3. Nel brano del Vangelo che abbiamo appena ascoltato l'uomo dalla mano inaridita vive ignorato da tutti ai margini della società. Gesù lo vede come lo vedono tutti gli altri, ma non lo ignora. Nella sinagoga lo invita a spostarsi da un posto laterale verso il centro, per attirare l'attenzione di tutti su di lui. "Alzati" gli dice "e mettiti nel mezzo". E "l'uomo alzatosi si mise nel punto indicato" (Lc 6,8). Se non avesse avuto fiducia in Gesù sarebbe stato impossibile per lui mostrare pubblicamente la sua sofferenza. Egli si affida completamente a Gesù - come Pietro si affida alla voce di Gesù e cammina sulle acque. "Egli si alza": con questa breve frase l'evangelista vuole dirci come il malato non sia semplicemente un oggetto della forza salvifica di Gesù, ma che la guarigione avviene nell'incontro personale e grazie anche alla collaborazione del malato. Gesù incontra il malato come una persona alla quale egli riconosce tutto il suo valore e che ha bisogno di aiuto, il malato incontra Gesù come il Messia che era stato annunciato, come il Figlio di Dio fatto uomo; la salvezza gli proviene dalla sua adesione di fede a Cristo.

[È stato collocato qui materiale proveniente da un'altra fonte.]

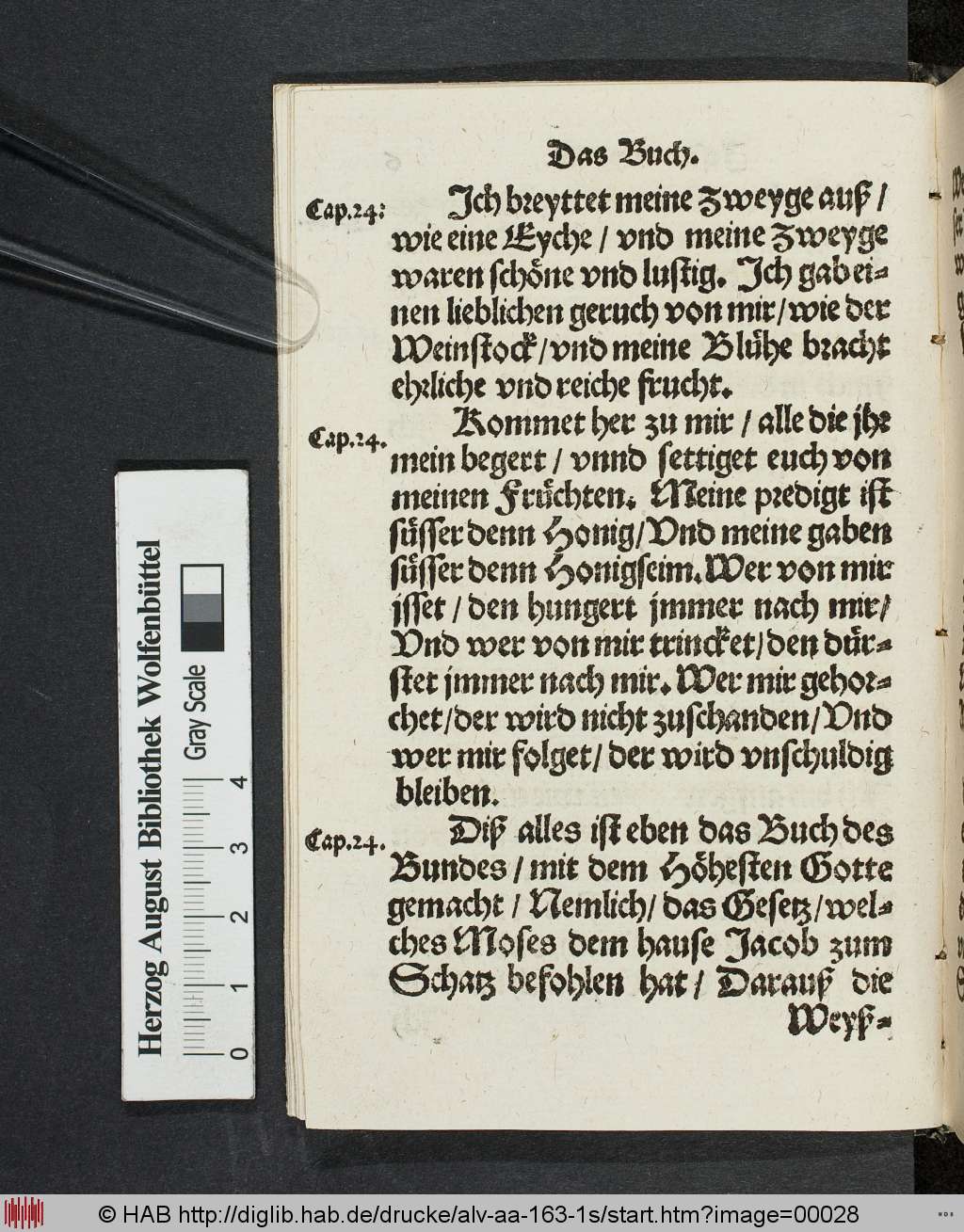 http://diglib.hab.de/drucke/alv-aa-163-1s/00028.jpg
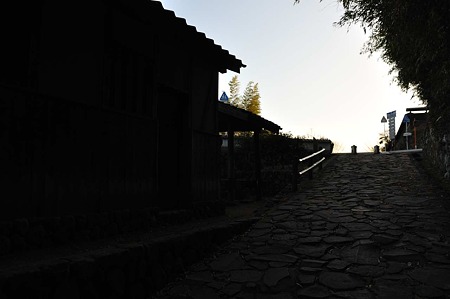 1001031634_DSC_8869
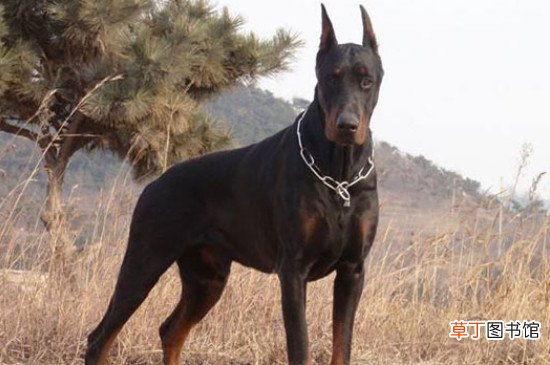 杜高犬开口和不开口的区别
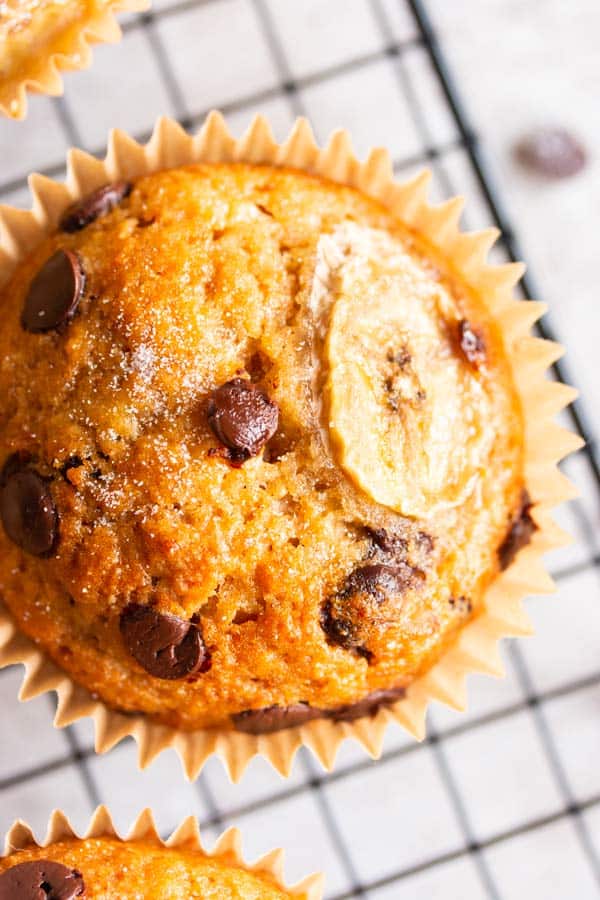 close up photo of a chocolate chip banana muffin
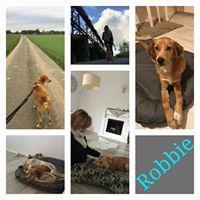 ROBBIE ROBBIE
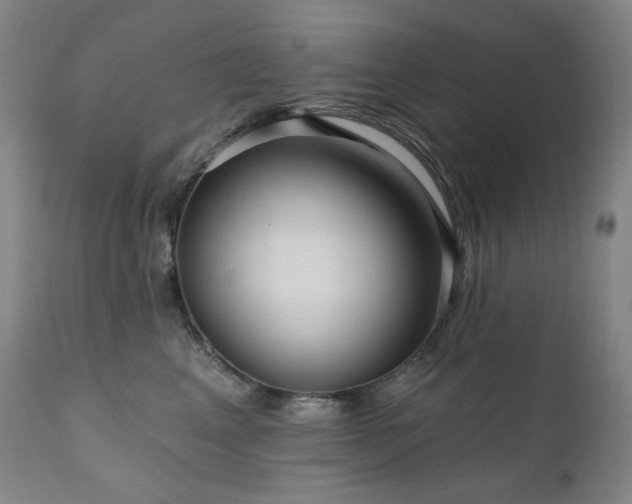 X0000111050617200906251434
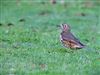 Photo of Mistle Thrush at Langley Park, Buckinghamshire. Taken by Matt Milne on 20th January 2026.
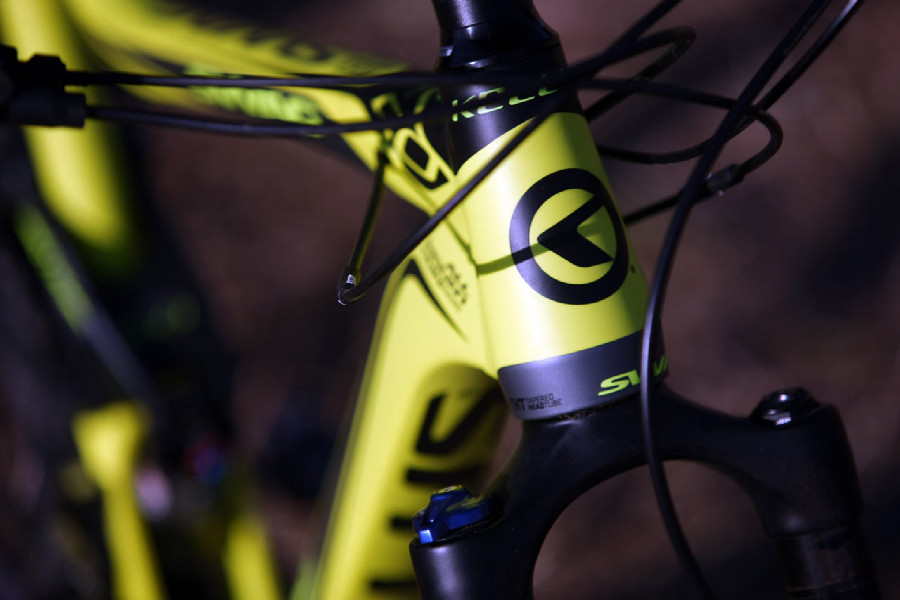 Kellys Swag & CTM Scroll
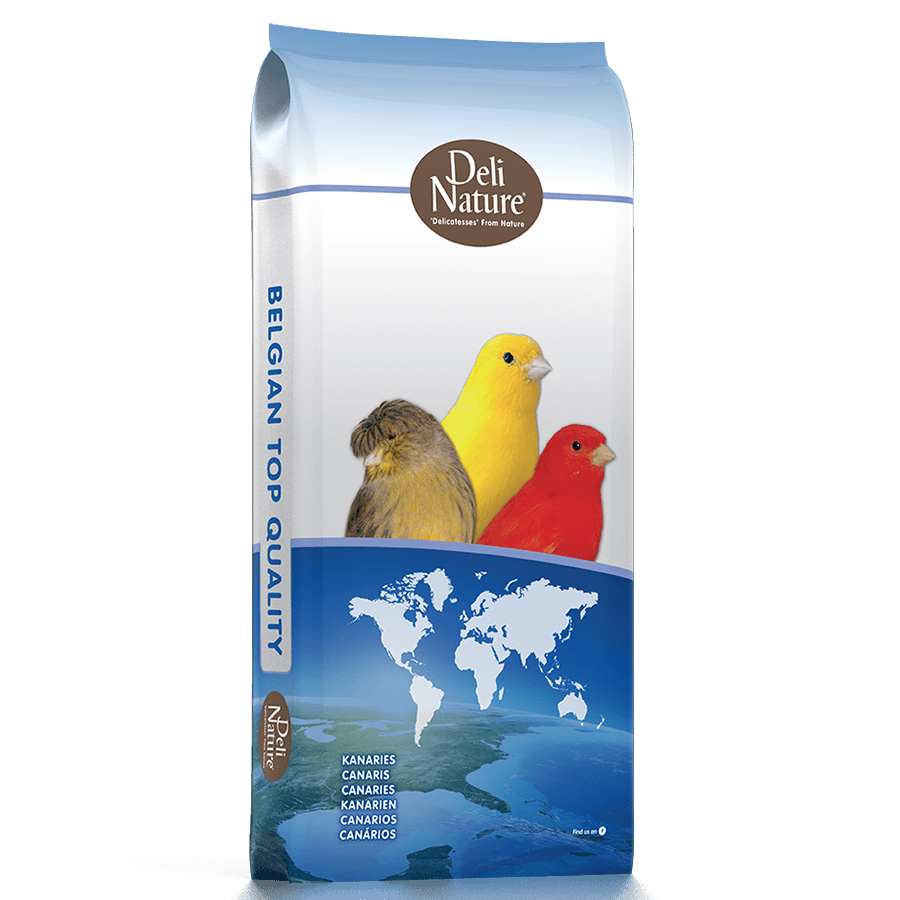 Nr 55 Canaries Supreme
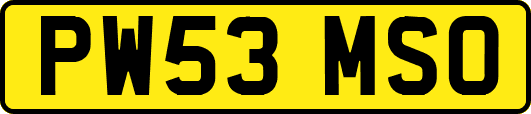PW53MSO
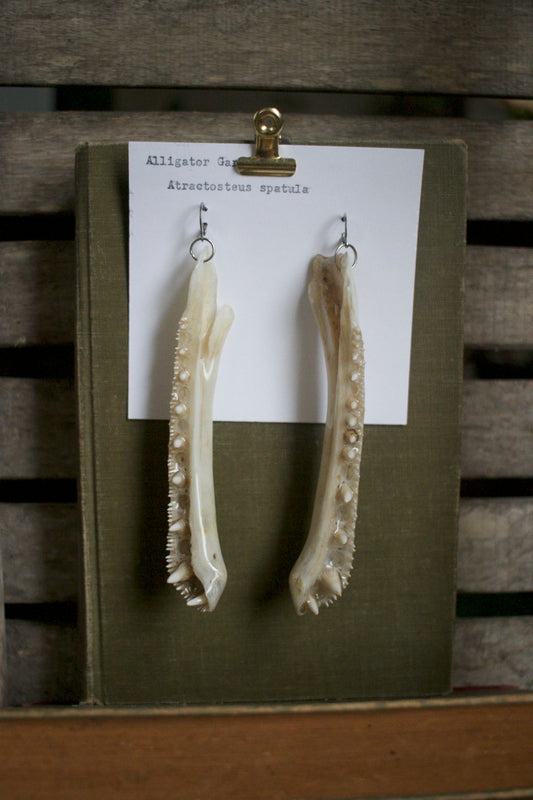 Atractosteus spatula Jaw Dangles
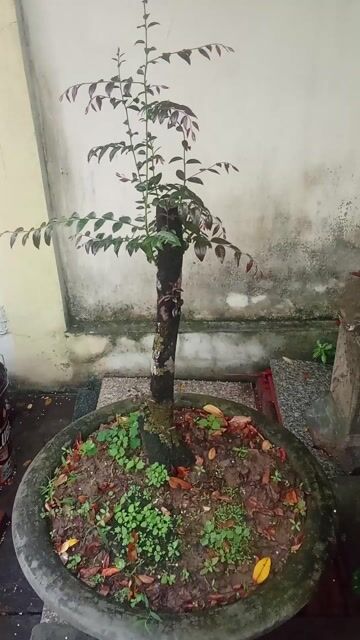 Cây ổi Đỏ dáng trực bàn trà. Mua bán Cây cảnh, đồ trang trí tại Huyện An Dương Hải Phòng được đăng bởi lexus hình 1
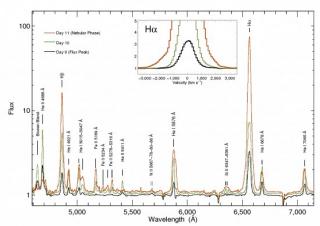 Average, normalized spectra corresponding to days 9 to 11 of the outburst. During this period the X-ray, optical and radio fluxes dropped by three orders of magnitude from the outburst peak. The spectra are very rich in emission lines that, while typical 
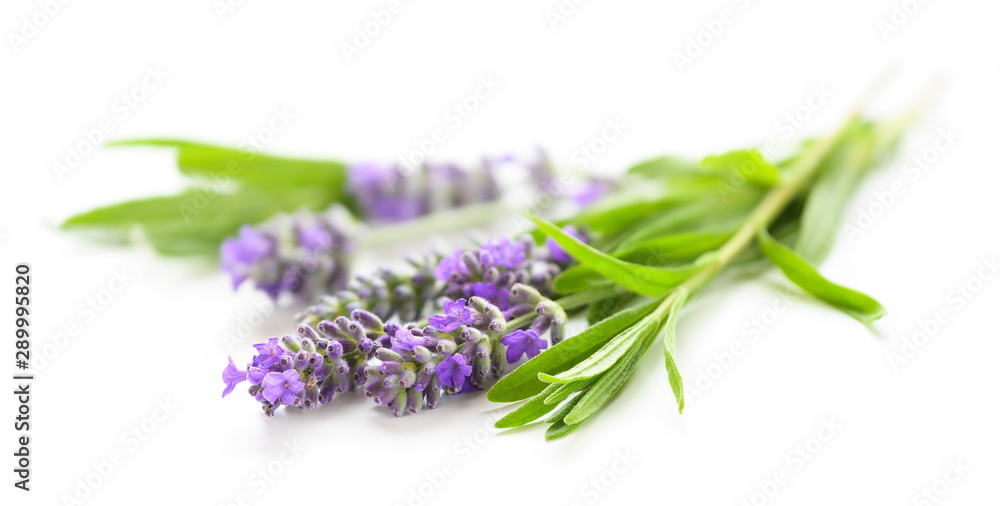 Naklejka premium Lavender flowers on a white close-up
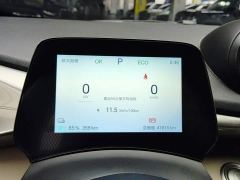 BYD Dolphin 420km Freedom Edition - ფოტო 14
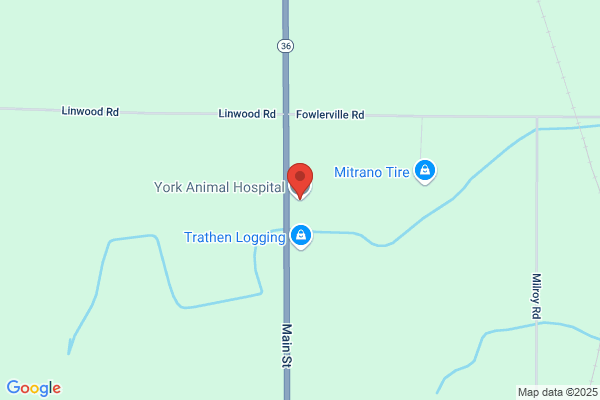 York Animal Hospital Inc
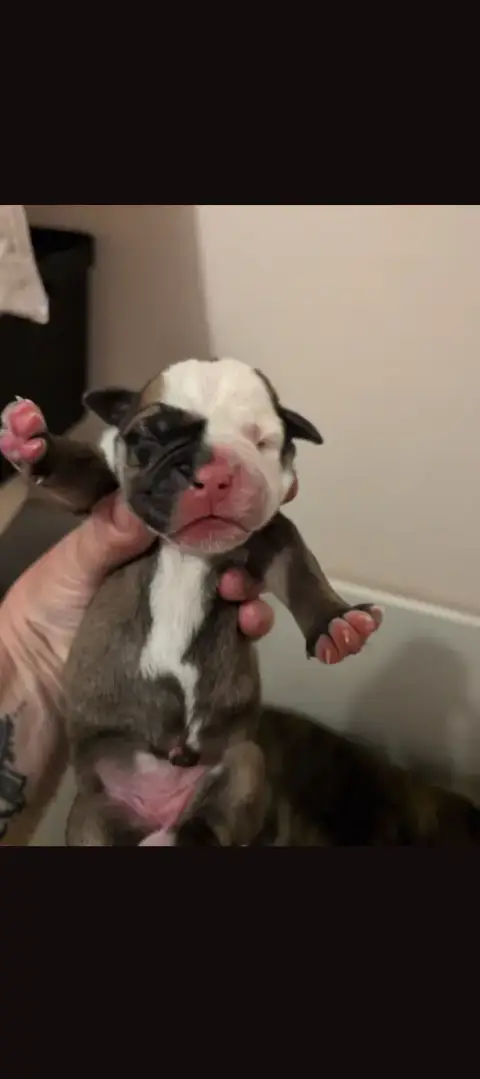 Bulldog Continental  Chiot 3 Du Paradis D'Eska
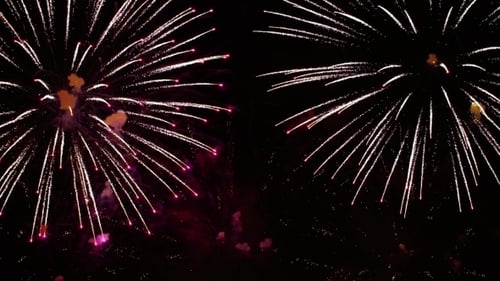 Colorful Fireworks Exploding in the Night Sky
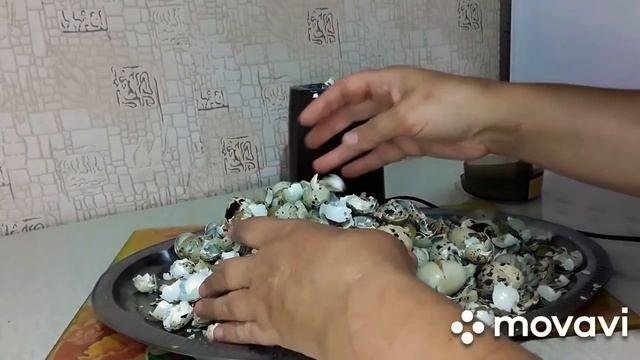 Скорлупа яиц перепелиных! смотреть онлайн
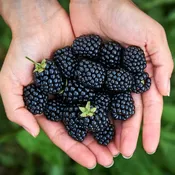 Apache Bare Root Blackberry Bushes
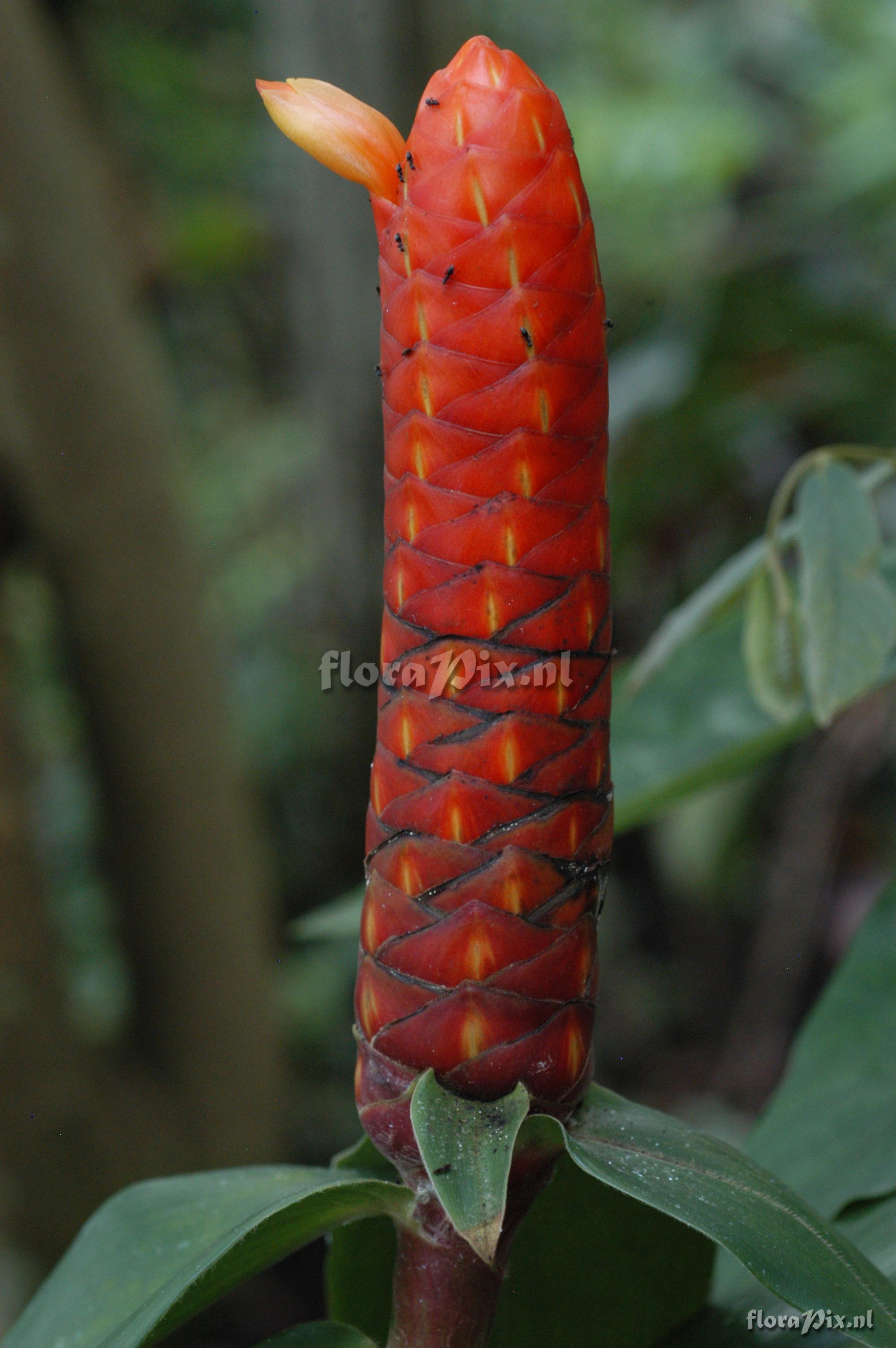 Costus scaber 1982GR00106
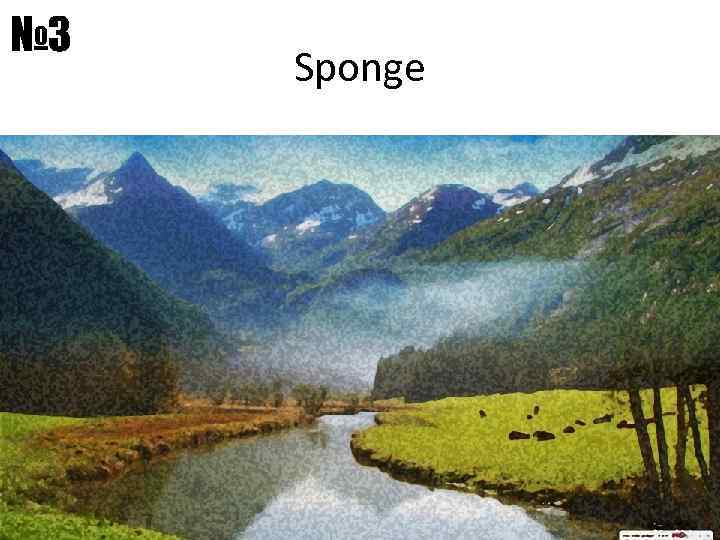 № 3 Sponge 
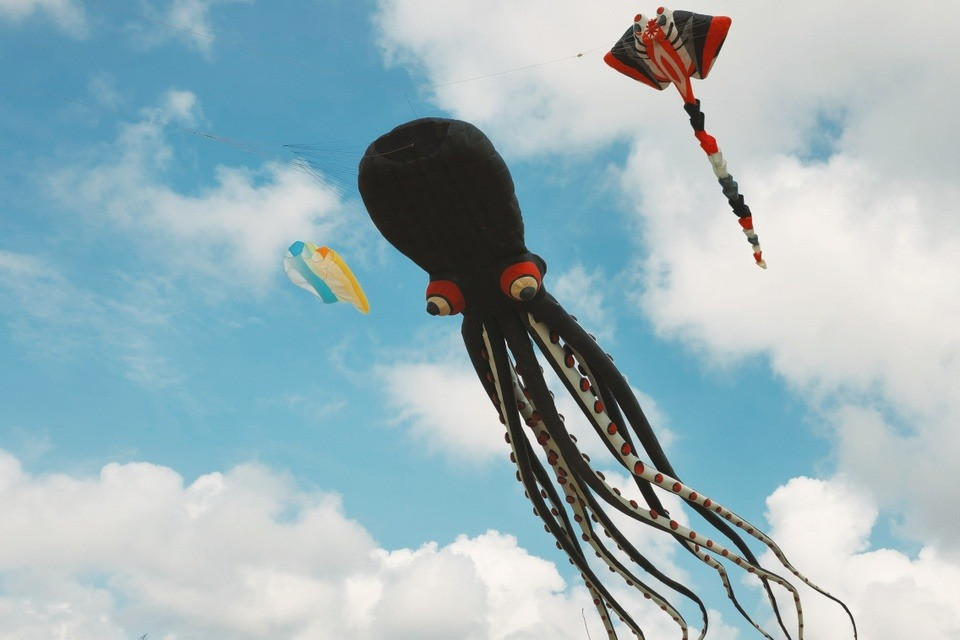 Tho mong va dan da, lang chai Phuoc Hai dep nhu dien anh-Hinh-3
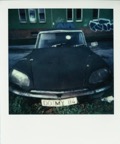 Polaroids 304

Che l'incontro con Cristo possa determinare una guarigione lo vediamo soprattutto nei luoghi di grazia, nei luoghi di preghiera e di conversione come Lourdes o Fatima o ovunque gli uomini si lasciano toccare dall'amore di Dio. Sono innumerevoli coloro che ogni anno tornano da questi luoghi colmati di ogni bene e riprendono la loro vita abituale. Il miracolo che è avvenuto è un miracolo di incontro e di fede. Nel rivolgersi fiduciosamente a Dio in Cristo, e per intercessione di Maria, si placano gli angosciosi interrogativi dell'uomo sul "perché" della sofferenza. Essi appaiono in una nuova luce, la sofferenza assume, per opera di Dio, un significato più profondo. Dio stesso ha dato una risposta al difficile mistero della sofferenza nel momento in cui si è fatto uomo, è diventato uno di noi. La risposta di Dio si chiama Gesù Cristo.


4. Nel suo nome, in nome di Gesù Cristo che chiamiamo nostro "salvatore" io vengo oggi in mezzo a voi. La parola salvatore ci indica una missione: "salvare". Gesù Cristo ha annunciato il Regno di Dio non solo a parole ma anche con i fatti.

Questo Regno è già cominciato grazie a lui e alla sua opera, soprattutto perché egli ha guarito l'uomo alla radice - nel corpo e nello spirito. Molti degli uomini che facevano ressa intorno a Gesù erano malati. Inoltre molti di loro erano schiavi del peccato. Gesù ha perdonato la loro colpa e spesso li ha guariti completamente anche nel fisico. Dopo essere stati guariti da lui i sordi non udivano più soltanto la voce del mondo, ma anche la Parola di Dio. I muti non si limitavano più a parlare con gli uomini, ma lodavano Dio dal profondo del loro cuore. E non solo i paralitici cominciavano a camminare ma camminavano verso Dio.

Il dono di Gesù a queste persone non si è limitato ad una guarigione ma è consistito nella salvezza, la pace con Dio, con se stessi e la pace con gli altri uomini.

Di fatto Gesù Cristo esteriormente non ha guarito tutte le persone che ha incontrato. Ma per tutti - senza nessuna eccezione - egli ha amaramente sofferto nella sua persona. Il suo cammino lo ha condotto sulla via della croce, sul Golgota. Egli ha sofferto ed è morto sulla croce facendosi carico della sofferenza e del peccato di ogni singolo uomo e di tutta l'umanità, e li ha salvati.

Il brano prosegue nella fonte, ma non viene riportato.